Labour paeans: Praneet Soi’s new show blends art, craft, old and new
A new art exhibition at the Bhau Daji Lad museum is a result of the artist’s two-year association with craftsmen in Kolkata, Kashmir and China.mumbai Updated: May 22, 2017 13:13 IST
- WHAT: Works by Praneet Soi, curated by Tasneem Mehta
- WHERE: Bhau Daji Lad museum, Byculla, Mumbai
- WHEN: May 13 to July 25 (Wednesdays closed)
- Museum entry fee is Rs 10
Every few months, the Bhau Daji Lad museum opens up its collections to a contemporary artist, encouraging them to see 19th century decorative objects not as relics of the past, but as a way to reimagine the present.
In 2011, LN Tallur took over the space, spreading out blocks of an incomplete model elephant to honour the Elephanta Island statue now on the museum grounds. In 2015, Thukral & Tagra turned the BDL into a gaming arena. The museum’s Ganjifa playing cards were the inspiration for board games, its old map of Bombay found a new life as a ping-pong table.
This time, Praneet Soi shows Notes On Labour, new works that emerged from his two-year engagement with artisans in Kolkata, Srinagar and Guangzhou in China.
It’s a good fit, says Tasneem Mehta, the museum’s honorary director and the curator of the show. “Unlike previous artists, Praneet has worked on the idea of craftsmanship and the unsung skilled artisan.
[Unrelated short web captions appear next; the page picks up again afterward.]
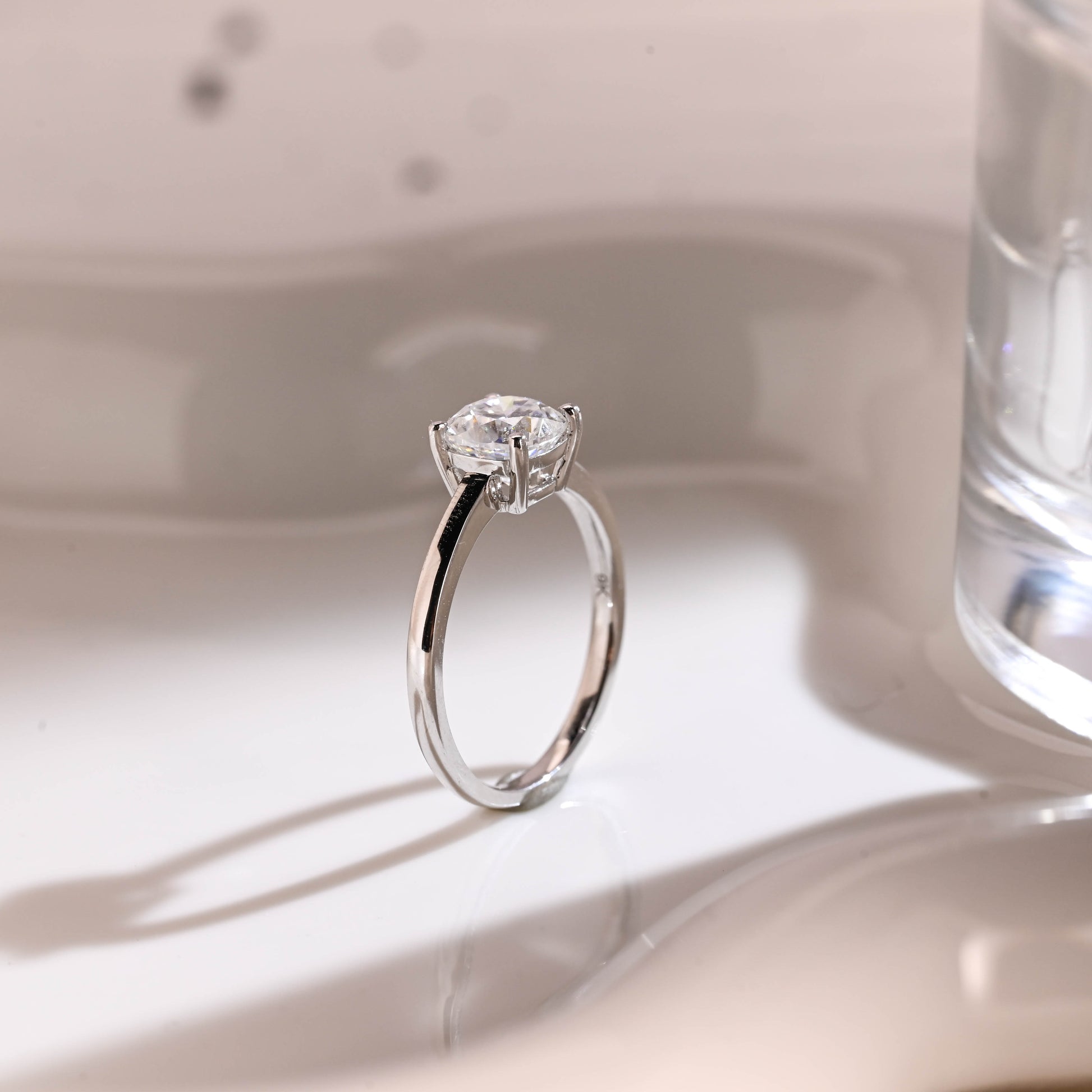Solid Gold Solitaire Cushion Cut Moissanite Engagement Ring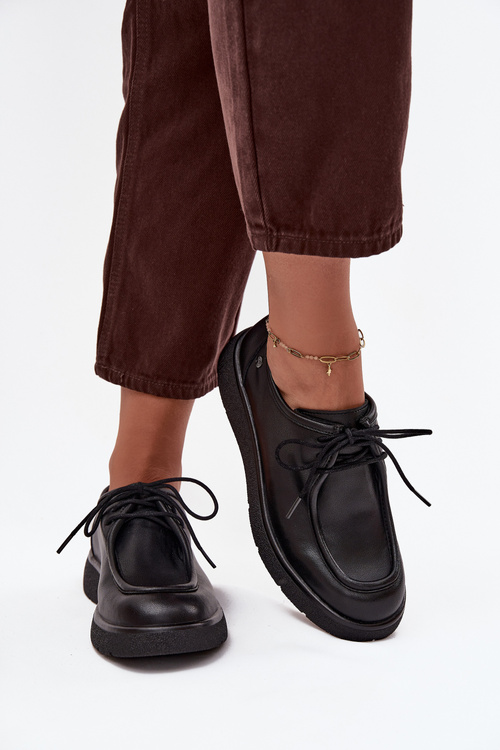 Skórzane Półbuty Damskie Maciejka K7189-01 Czarne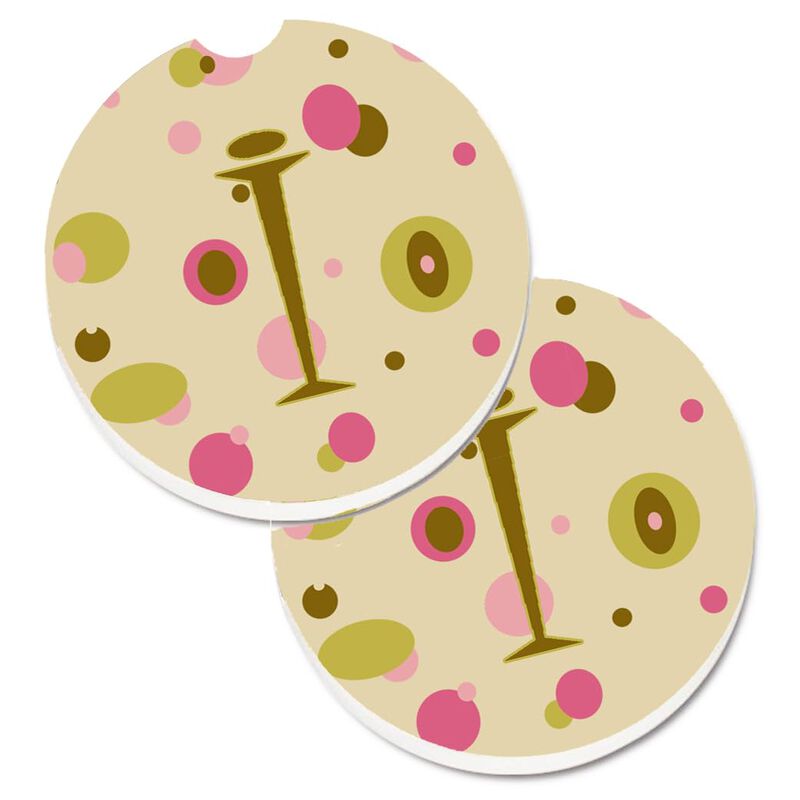 Caroline's Treasures Letter I Initial Monogram - Tan Dots Set of 2 Cup Holder Car Coasters CJ1004-ICARC, 2.56, Multicolor
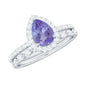 Natural 0.8 Carat Pear Shape Tanzanite Diamond Wedding Engagement Ring Set of 2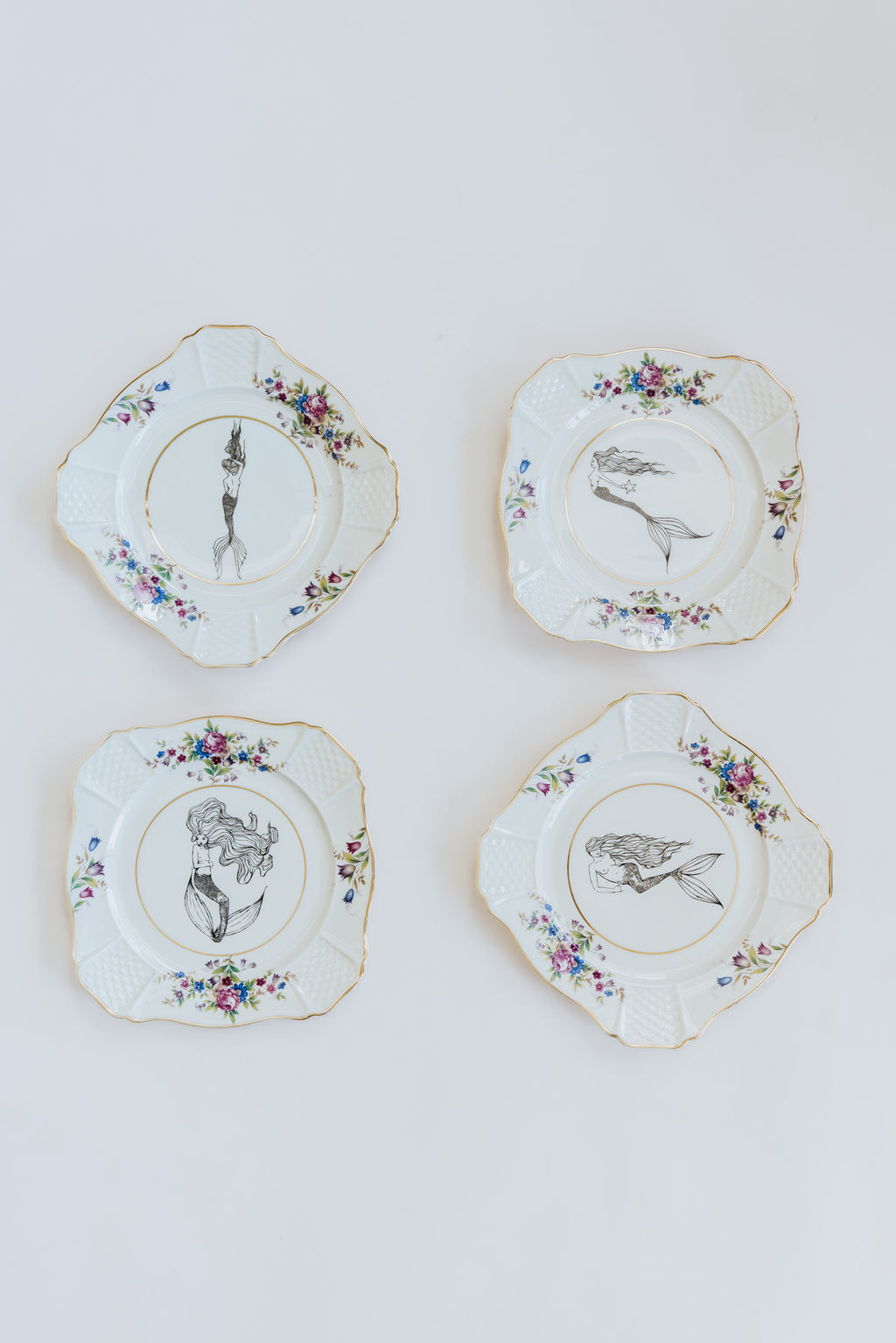 Mermaid Salad Plates - Set of 4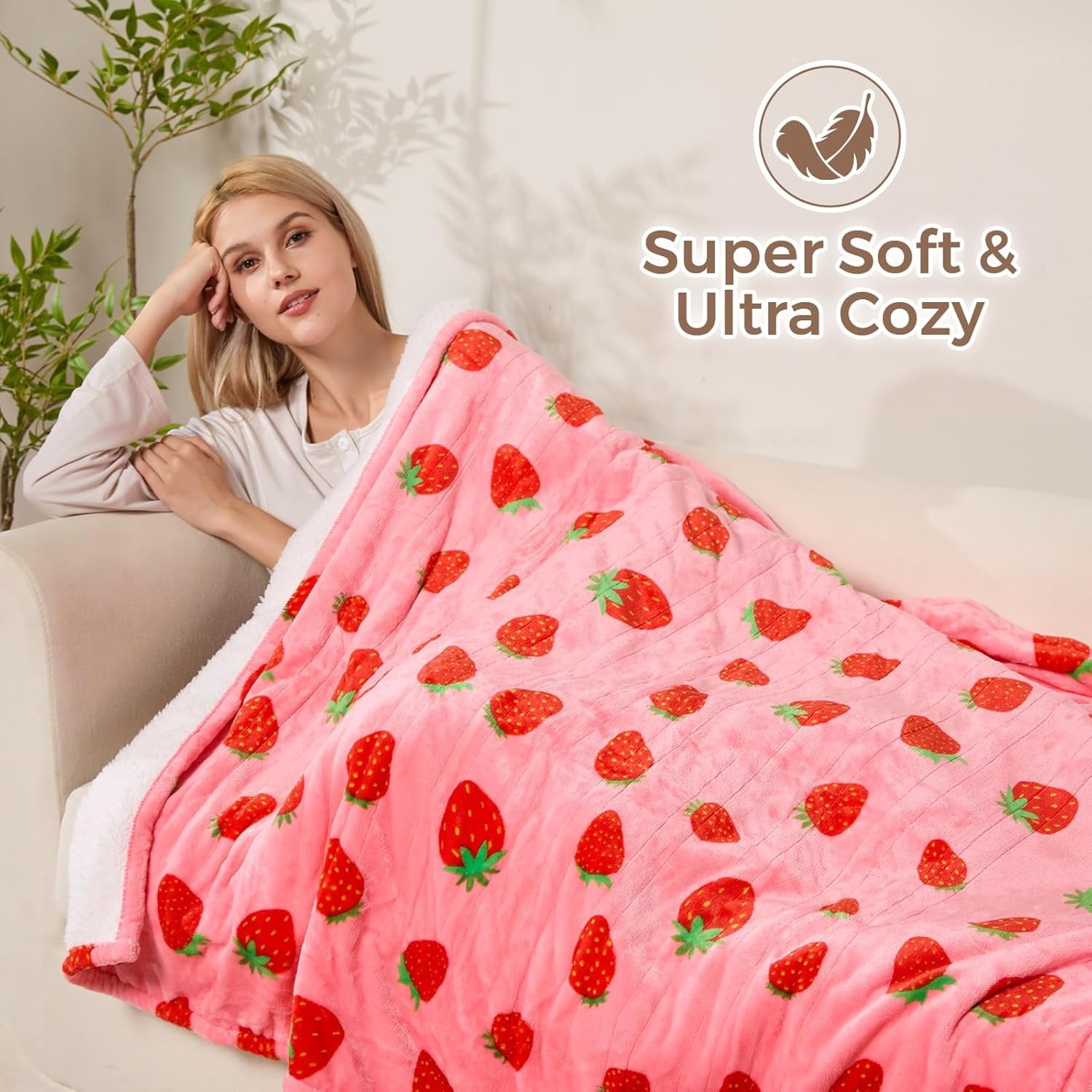 Electric Blanket Heated Throw, Soft Flannel & Sherpa Heating Blanket Throw with 6 Heating Levels & 12hrs Auto Off, Machine Washable, Home Office Use, 50x60 Inch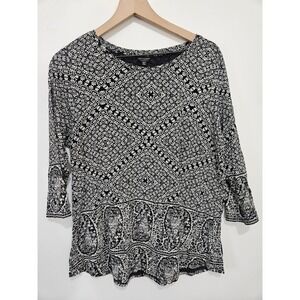 Lucky Brand Womens 1X Black‎ White Paisley Medallion Print 3/4 Sleeve Boho Top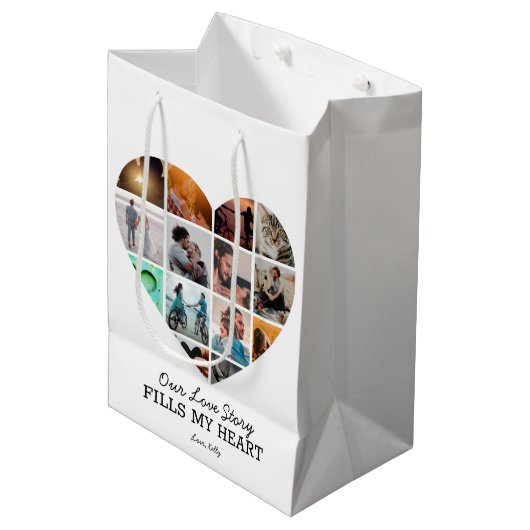 Herzklopfen Valentinin's benutzerdefinierter Text Mittlere Geschenktüte (Vorderseite Schrägansicht)
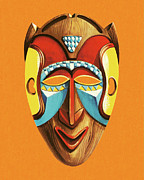 Wooden Mask Drawing by CSA Images Wooden Mask Drawing by CSA Images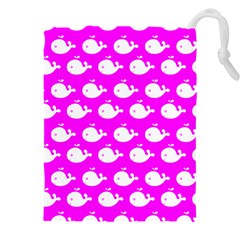 Cute Whale Illustration Pattern Drawstring Pouch (4xl) by GardenOfOphir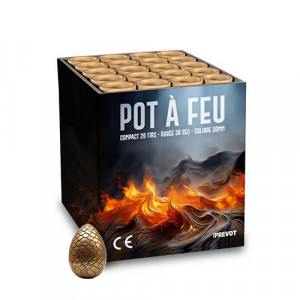 Jacques Prevot Artifices - compact 20 tir pot à feu et bombettes oeuf de dragon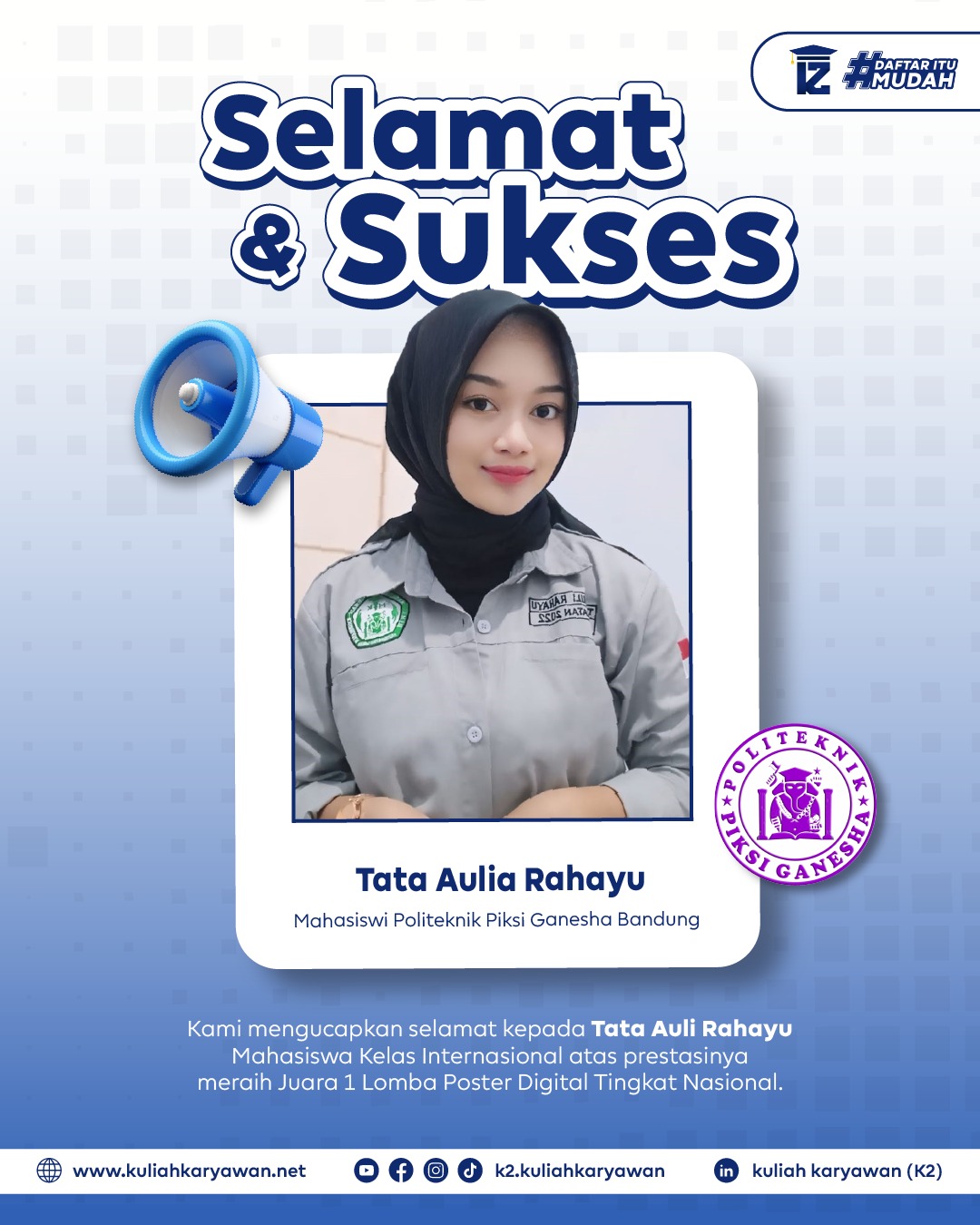 Prestasi Membanggakan Tata Aulia Rahayu Raih Juara 1 Lomba Poster Digital Tingkat Nasional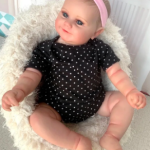 Reborn Baby Doll Maddie - Smiling Girl with Visible Veins, 19-Inch Lifelike Masterpiece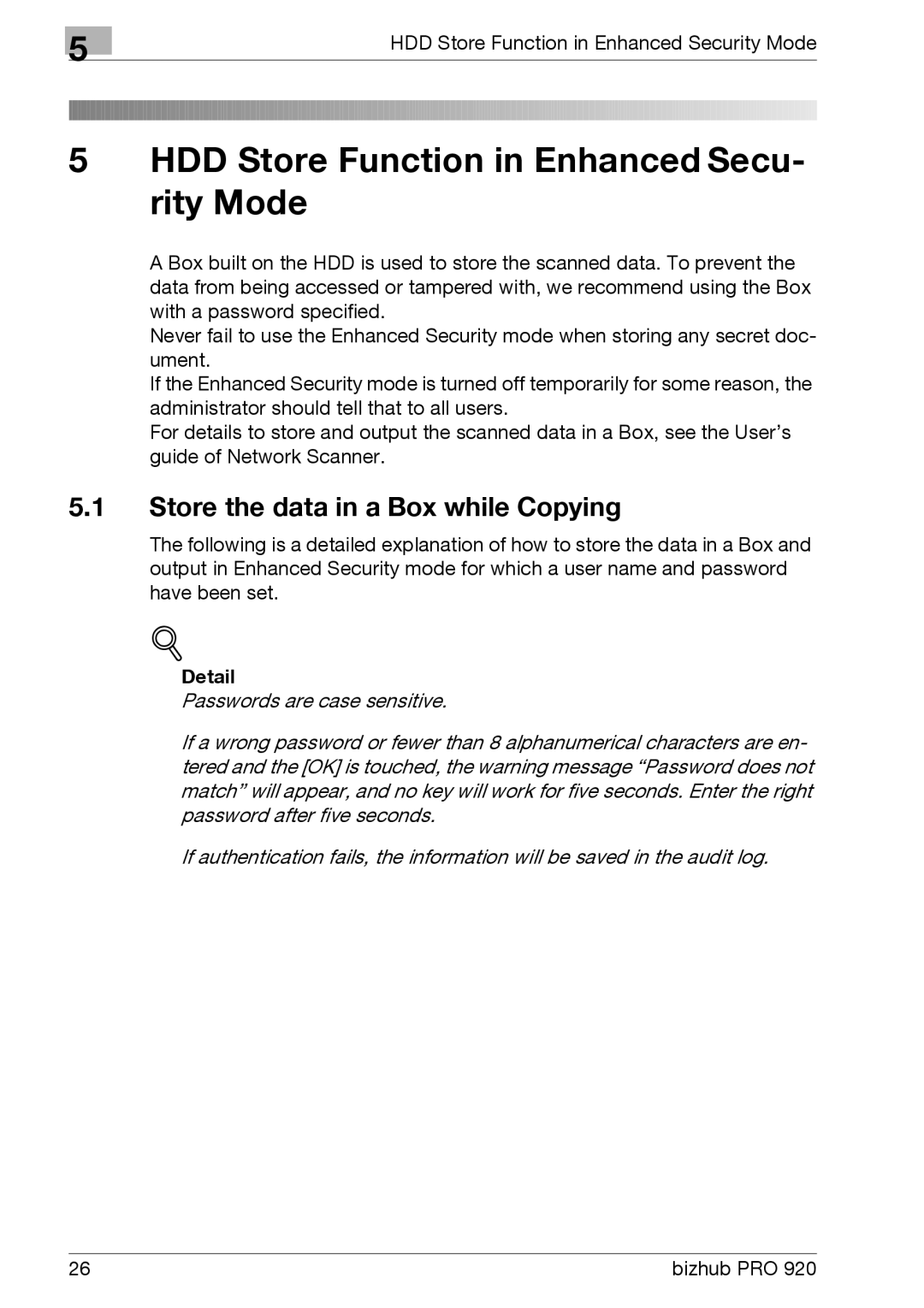 Konica Minolta 920 manual HDD Store Function in Enhanced Secu- rity Mode, Store the data in a Box while Copying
His work deals with the idea of production, which is really the founding idea of the museum.”
One work, a slideshow, depicts a Kolkata printer at work, his repetitive movements eventually printing Soi’s photos of the printer himself at work. A gigantic installation, an arrangement of papier-mâché tiles, depicts patterns typical of Kashmiri craftsmen. The intricate works are rarely documented but seem at home in the museum, which has a small collection of lacquerware from Kashmir.
Soi also installs a massive mural at the entrance. “It’s curved to resonate with the museum’s architecture, specifically its tympanum,” says Soi, referring to the half-circle shape created by the roof.
Soi’s Astatic Machines, wheeled slide projectors from previous shows, make an appearance here. They project transparencies of patterns by Kipling, the artist Paul Klee, and himself. There’s a black wall too, so visitors can play artist by chalking out designs and architectural shapes based on the projections.